A photographic essay recounting the creation and installation of the Statue of Liberty.
The Statue of Liberty is known around the world as a symbol of freedom and democracy. Poet Emma Lazarus' words inscribed on its pedestal -- "Give me your tired, your poor, your huddled masses yearning to breathe free" -- beckon the poor and oppressed everywhere.
Fittingly perhaps, the installation of the Statue of Liberty was no small feat. When its size and scale became a reality, the creators in France and the United States were faced with a number of colossal challenges. The solution would be an unusual and groundbreaking union of art and technology.
Lady Liberty recounts the conception, construction, assembly and installation of the statue in rarely seen photographs and informative text. It shows how French sculptor Auguste Bartholdi used photographs and photomontages -- notably, a giant panorama of the city of New York -- to study the site chosen for his statue and to monitor its construction, which was taking place in Paris.

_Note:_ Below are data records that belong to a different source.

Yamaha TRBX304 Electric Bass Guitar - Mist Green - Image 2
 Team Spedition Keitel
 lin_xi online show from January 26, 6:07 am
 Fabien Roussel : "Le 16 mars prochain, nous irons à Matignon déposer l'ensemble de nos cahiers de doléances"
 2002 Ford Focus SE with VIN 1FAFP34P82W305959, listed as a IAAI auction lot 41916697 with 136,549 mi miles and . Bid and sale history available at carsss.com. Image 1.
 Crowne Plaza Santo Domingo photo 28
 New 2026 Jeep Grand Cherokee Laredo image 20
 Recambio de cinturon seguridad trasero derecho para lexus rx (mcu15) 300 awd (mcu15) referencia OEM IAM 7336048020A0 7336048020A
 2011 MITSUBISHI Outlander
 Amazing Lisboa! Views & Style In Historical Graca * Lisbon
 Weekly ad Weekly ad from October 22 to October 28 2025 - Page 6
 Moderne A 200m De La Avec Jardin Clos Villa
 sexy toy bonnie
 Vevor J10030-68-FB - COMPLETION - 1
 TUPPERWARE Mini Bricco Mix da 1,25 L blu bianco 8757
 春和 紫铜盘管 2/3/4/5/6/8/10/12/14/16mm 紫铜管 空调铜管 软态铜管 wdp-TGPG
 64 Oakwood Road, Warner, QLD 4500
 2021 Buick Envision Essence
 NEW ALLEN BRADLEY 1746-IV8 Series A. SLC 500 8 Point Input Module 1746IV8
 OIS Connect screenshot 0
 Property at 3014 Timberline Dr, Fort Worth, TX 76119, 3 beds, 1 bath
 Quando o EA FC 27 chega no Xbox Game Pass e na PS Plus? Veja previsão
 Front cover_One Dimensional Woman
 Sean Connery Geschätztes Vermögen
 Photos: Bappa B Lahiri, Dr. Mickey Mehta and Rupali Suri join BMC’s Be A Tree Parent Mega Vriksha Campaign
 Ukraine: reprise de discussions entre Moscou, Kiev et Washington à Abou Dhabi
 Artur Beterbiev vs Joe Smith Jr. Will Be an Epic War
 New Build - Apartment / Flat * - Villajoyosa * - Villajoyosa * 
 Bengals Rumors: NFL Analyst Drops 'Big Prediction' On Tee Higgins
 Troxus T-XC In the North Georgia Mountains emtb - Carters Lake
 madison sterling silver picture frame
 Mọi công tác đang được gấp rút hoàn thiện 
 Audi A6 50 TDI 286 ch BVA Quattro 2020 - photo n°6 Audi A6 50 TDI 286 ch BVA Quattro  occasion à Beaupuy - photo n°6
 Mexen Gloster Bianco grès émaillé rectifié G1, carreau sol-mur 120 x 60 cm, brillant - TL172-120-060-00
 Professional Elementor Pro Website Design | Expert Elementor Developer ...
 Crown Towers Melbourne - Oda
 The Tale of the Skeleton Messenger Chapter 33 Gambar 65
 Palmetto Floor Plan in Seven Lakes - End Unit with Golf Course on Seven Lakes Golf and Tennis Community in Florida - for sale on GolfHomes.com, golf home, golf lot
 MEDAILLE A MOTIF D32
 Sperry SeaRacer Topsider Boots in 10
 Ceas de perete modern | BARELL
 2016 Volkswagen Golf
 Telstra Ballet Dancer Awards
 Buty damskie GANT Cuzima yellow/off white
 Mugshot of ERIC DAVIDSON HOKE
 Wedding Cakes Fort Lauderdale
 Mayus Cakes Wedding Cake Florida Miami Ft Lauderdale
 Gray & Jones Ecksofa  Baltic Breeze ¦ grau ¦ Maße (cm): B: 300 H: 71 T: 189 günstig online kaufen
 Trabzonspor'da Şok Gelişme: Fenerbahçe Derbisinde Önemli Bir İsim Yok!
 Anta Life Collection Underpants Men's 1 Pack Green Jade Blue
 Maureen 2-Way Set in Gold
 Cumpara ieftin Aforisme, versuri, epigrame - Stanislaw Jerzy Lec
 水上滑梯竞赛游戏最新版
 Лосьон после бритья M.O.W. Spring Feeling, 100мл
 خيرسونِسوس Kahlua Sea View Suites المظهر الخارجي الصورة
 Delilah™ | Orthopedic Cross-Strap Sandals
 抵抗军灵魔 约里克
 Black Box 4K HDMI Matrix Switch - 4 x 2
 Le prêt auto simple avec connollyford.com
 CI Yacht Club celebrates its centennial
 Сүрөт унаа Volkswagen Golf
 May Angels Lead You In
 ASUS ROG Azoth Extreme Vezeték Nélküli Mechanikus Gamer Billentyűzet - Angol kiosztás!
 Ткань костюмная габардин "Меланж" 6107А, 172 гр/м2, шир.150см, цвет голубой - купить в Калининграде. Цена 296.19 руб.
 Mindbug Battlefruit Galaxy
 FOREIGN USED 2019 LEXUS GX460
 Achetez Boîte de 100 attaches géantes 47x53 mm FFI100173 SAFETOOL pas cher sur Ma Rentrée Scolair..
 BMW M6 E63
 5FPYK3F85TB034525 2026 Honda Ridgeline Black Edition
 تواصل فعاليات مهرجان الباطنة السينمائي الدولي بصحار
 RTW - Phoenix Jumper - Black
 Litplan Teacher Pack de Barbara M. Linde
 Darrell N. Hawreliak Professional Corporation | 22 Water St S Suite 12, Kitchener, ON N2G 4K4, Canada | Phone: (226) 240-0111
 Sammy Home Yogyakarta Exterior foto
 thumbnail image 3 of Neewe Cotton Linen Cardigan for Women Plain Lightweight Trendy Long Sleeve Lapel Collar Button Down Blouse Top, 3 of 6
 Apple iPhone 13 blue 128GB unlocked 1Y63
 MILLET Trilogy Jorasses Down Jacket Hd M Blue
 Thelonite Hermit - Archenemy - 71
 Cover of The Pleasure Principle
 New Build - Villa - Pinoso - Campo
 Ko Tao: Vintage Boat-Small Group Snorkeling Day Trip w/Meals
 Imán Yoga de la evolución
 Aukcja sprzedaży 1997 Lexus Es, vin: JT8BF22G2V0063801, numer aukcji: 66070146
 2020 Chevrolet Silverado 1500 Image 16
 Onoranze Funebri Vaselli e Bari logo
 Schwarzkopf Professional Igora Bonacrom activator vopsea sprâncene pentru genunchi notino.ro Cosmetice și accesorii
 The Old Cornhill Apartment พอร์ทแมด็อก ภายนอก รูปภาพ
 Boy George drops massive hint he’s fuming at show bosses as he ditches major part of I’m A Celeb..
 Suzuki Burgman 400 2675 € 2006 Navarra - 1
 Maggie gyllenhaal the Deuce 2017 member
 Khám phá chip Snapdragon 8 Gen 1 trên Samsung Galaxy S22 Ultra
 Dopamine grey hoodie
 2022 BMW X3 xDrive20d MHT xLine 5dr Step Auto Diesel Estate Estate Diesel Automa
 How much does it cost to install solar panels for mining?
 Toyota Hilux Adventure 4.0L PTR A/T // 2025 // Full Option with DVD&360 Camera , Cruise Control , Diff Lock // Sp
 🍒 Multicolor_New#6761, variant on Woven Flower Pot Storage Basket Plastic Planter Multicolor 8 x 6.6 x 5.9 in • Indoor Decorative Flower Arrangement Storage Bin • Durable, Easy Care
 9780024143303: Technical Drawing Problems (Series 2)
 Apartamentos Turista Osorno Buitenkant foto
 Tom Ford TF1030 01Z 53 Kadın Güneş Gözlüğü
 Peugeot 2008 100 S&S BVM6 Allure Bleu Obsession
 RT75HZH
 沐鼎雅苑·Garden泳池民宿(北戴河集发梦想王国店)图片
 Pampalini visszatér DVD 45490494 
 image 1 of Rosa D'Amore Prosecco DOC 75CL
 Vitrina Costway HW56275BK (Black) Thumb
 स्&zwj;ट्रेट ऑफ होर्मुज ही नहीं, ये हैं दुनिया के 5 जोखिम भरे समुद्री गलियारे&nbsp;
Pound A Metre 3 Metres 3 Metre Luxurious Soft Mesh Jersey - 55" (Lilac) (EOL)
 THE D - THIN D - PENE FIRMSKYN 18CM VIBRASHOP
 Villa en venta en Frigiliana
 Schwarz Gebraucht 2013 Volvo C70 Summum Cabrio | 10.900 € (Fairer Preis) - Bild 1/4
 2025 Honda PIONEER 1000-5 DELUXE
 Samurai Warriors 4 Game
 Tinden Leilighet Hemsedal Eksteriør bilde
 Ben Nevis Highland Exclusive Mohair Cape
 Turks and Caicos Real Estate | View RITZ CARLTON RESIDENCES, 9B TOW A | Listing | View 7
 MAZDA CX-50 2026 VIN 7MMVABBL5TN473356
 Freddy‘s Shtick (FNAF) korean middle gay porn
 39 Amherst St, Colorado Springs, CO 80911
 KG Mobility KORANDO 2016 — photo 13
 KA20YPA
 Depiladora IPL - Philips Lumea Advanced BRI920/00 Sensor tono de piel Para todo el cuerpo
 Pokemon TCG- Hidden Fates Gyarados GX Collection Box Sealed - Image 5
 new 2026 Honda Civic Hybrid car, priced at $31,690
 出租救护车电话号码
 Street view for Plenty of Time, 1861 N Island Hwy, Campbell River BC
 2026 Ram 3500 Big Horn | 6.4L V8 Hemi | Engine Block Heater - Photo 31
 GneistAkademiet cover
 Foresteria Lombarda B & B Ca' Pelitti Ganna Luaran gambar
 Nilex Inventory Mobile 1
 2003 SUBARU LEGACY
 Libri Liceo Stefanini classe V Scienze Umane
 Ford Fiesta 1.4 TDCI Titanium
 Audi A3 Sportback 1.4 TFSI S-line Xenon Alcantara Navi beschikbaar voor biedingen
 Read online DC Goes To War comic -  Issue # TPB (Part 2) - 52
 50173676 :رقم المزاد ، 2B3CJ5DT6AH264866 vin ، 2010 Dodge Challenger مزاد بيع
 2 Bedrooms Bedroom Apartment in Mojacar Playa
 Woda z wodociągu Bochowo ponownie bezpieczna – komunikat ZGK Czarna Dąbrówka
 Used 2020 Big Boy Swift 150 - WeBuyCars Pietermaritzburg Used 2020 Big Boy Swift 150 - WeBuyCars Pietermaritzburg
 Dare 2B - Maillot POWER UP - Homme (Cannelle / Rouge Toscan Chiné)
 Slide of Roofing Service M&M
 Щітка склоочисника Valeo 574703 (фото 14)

The photographs showing the progress of the statue also became a great communication tool. Financing the colossal gift from France to America took massive fundraising that only innovative advertising could generate. It would give birth to the now-familiar method of exploiting the immediacy of photography to drive commerce.
Lady Liberty traces both the expected and the surprising elements of the statue's construction and assembly, and show how the image of the statue oscillated between reality and fiction. They record a vast utopian project that lasted 20 years and was marked by the major political, social, architectural and aesthetic influences of the time.
For all Americans, for historians, for photography aficionados, for students young and old, for newcomers welcomed by Lady Liberty, this book takes readers on a journey through the unknown life of one of the world's most powerful icons.